Updated: Aug 19, 2023

Categorization topic is very vast so due to this reason I will divided this blog content into 3 parts.

Category of Mutual Funds
Categorization of Mutual Funds In India

Part-1 Category of Mutual Fund Schemes


As per SEBI guidelines on Categorization of mutual funds schemes and Rationalization of schemes issued in October 2017, mutual fund schemes are classified as –

  1. Equity Schemes

  2. Debt Schemes

  3. Hybrid Schemes

  4. Solution Oriented Schemes – For Retirement and Children

  5. Other Schemes – Index Funds & ETFs and Fund of Funds

– Under Equity category, Large, Mid and Small cap stocks have now been defined.

– Naming convention of the schemes, especially debt schemes, as per the risk level of

underlying portfolio (e.g., the erstwhile ‘Credit Opportunity Fund’ is now called “Credit

Risk Fund”)

– Balanced / Hybrid funds are further categorised into conservative hybrid fund, balanced hybrid fund and aggressive hybrid fund.


EQUITY SCHEMES

An equity Scheme is a fund that –


Primarily invests in equities and equity related instruments.

– Seeks long term growth but could be volatile in the short term.

– Suitable for investors with higher risk appetite and longer investment horizon.


The objective of an equity fund is generally to seek long-term capital appreciation. Equity funds may focus on certain sectors of the market or may have a specific investment style, such as investing in value or growth stocks.

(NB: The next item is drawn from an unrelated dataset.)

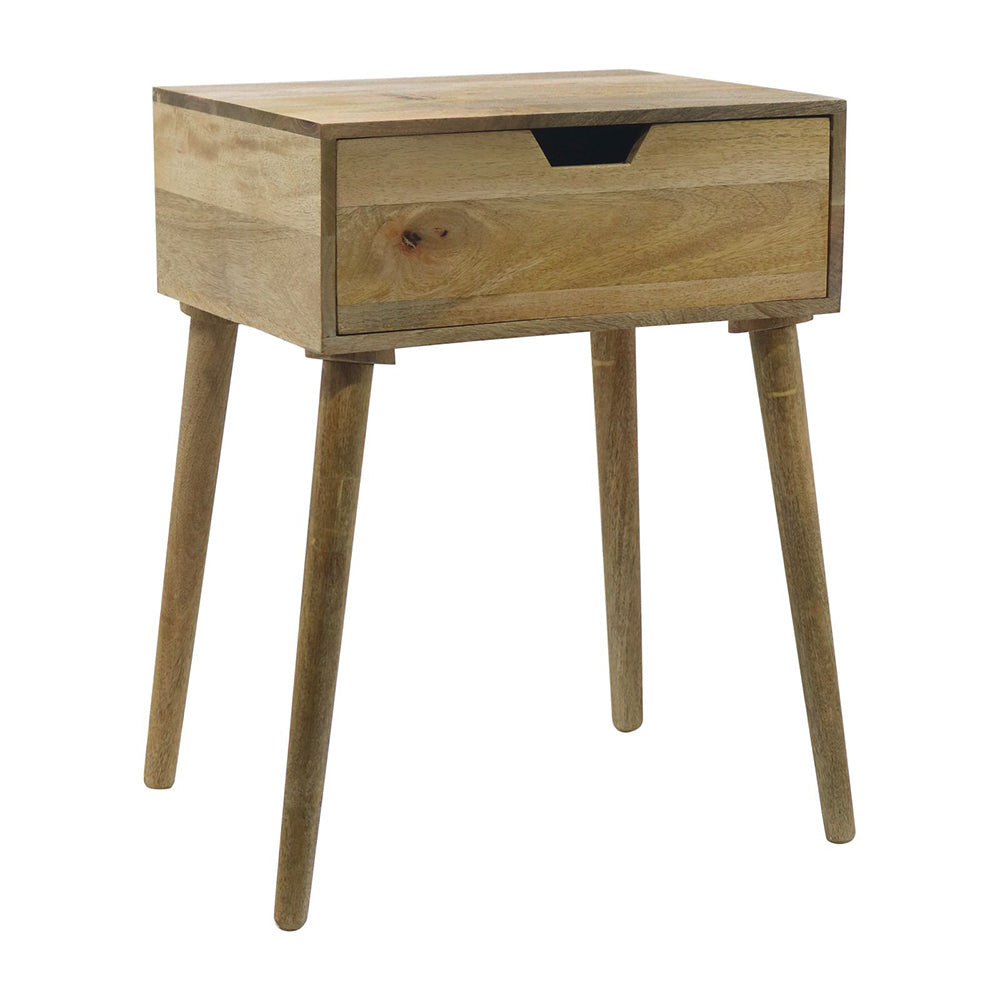 Wooden Night Stand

Equity Fund Categories as per SEBI guidelines on Categorization and Rationalization of schemes

Multi Cap Fund

At least 65% investment in equity & equity related instruments

Large Cap Fund

At least 80% investment in large cap stocks

Large & Mid Cap Fund

At least 35% investment in large cap stocks and 35% in mid cap stocks

Mid Cap Fund

At least 65% investment in mid cap stocks

Small cap Fund

At least 65% investment in small cap stocks

Dividend Yield Fund

Predominantly invest in dividend yielding stocks, with at least 65% in stocks

Value Fund

Value investment strategy, with at least 65% in stocks

Contra Fund

​Scheme follows contrarian investment strategy with at least 65% in stocks

Focused Fund

Focused on the number of stocks (maximum 30) with at least 65% in equity & equity related instruments

Sectoral/ Thematic Fund

At least 80% investment in stocks of a particular sector/ theme

ELSS

At least 80% in stocks in accordance with Equity Linked Saving Scheme, 2005, notified by Ministry of Finance

*Also referred to as Diversified Equity Funds – as they invest across stocks of different sectors and segments of the market. Diversification minimizes the risk of high exposure to a few stocks, sectors or segment.



SECTOR SPECIFIC FUNDS

Sectoral funds invest in a particular sector of the economy such as infrastructure, banking, technology or pharmaceuticals etc.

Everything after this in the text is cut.